Exercise instructions: Each line from the one that contains "Halaman 293" to the end of the entries must be copied word for word, and only those lines.

*** Provided records Section Begins ***

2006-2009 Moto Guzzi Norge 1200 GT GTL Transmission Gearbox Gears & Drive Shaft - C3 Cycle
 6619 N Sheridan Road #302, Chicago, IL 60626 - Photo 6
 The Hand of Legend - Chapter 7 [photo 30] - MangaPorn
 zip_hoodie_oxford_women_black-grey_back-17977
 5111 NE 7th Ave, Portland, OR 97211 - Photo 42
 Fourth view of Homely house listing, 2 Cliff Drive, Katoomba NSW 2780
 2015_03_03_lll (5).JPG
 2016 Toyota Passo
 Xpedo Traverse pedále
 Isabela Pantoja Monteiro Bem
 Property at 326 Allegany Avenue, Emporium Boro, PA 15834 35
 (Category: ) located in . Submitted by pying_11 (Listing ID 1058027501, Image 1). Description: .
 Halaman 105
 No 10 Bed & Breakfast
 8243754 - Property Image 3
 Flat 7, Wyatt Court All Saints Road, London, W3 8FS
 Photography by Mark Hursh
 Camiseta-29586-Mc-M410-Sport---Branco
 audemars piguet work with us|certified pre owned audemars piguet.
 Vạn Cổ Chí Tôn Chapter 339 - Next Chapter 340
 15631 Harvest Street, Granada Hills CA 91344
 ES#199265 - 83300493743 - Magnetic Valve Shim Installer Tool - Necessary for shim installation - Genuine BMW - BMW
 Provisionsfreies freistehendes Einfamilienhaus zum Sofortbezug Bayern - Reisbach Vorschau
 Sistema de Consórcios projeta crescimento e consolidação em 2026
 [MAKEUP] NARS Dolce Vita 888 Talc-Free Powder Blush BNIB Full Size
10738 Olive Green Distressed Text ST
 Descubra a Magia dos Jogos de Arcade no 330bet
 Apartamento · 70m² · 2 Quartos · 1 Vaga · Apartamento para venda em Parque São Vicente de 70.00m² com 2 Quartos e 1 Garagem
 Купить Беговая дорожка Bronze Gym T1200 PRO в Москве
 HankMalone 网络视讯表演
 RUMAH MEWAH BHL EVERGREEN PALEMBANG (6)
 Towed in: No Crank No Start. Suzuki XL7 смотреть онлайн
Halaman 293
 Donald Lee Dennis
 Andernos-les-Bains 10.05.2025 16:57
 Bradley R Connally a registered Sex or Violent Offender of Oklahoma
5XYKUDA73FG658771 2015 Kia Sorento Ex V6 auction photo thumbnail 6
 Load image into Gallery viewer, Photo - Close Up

*** Provided records Section Ends ***

Output for this task:
Halaman 293
 Donald Lee Dennis
 Andernos-les-Bains 10.05.2025 16:57
 Bradley R Connally a registered Sex or Violent Offender of Oklahoma
5XYKUDA73FG658771 2015 Kia Sorento Ex V6 auction photo thumbnail 6
 Load image into Gallery viewer, Photo - Close Up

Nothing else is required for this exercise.